How to containerize a HuggingFace Transformers Model using Docker and Flask?
HuggingFace have made a huge impact on Natural Language Processing domain by making lots of Transformers models available online. One problem I faced during my MLOPS process is to deploy one of those HuggingFace models for sentiment analysis. In this post, I will shortly summarize what I did to deploy a HuggingFace model using Docker and Flask.
I assume the reader has a basic knowledge about Docker, TensorFlow, Transformers, Flask and PyTorch libraries. The source code can be found at my github repo.
Required libraries: Flask, transformers, TensorFlow. (pip or conda as you wish, I used pip). If you are using TensorFlow, as I do, you will need PyTorch only if you are using a HuggingFace model trained on PyTorch, with the flag from_pt=true. But, to reload and re-use the model from local you don’t need PyTorch again, so it will not be needed in your container.

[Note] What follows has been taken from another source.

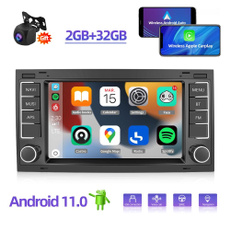 navi, Cars, Android, Gps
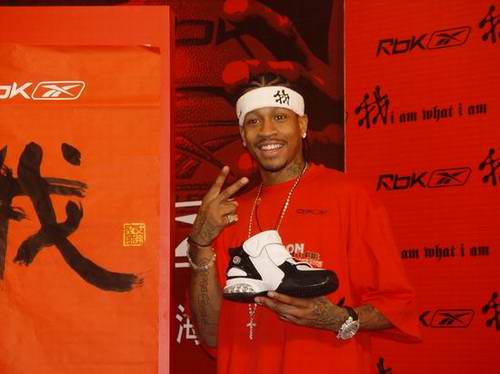 考的过程 考的过程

Step 1: Load and save the transformer model in a local directory using save_hf_model.py
Your saved models/transformers directory should look like this:
Load your model from local directory back and test your loaded model by comparing the results of two models, the original and the loaded one.
Step 2: Create a minimal flask app, in fact you can use the one at my github repo without changing anything. Just replace your model with the one in the models/transformers directory. Recommend to test your app at this level again by running with flask.
Step 3: Containerize the app using Dockerfile:
docker build — tag mlapp .
docker run -i -p 9000:5000 mlapp
(add -d flag to run in detach mode in the background, you can change 9000 as you need)
- Check if your docker is up and running docker ps
- Check if the container is responding
curl 127.0.0.1:9000 -v
Step 4: Test your model with make_req.py. Please note that your data should be in the correct format, for example, as you tested your model in save_hf_model.py.
Step 5: To stop your docker container
docker stop 1fbcac69069c
Your model is now running in your container, ready to deploy anywhere.
Happy machine learning!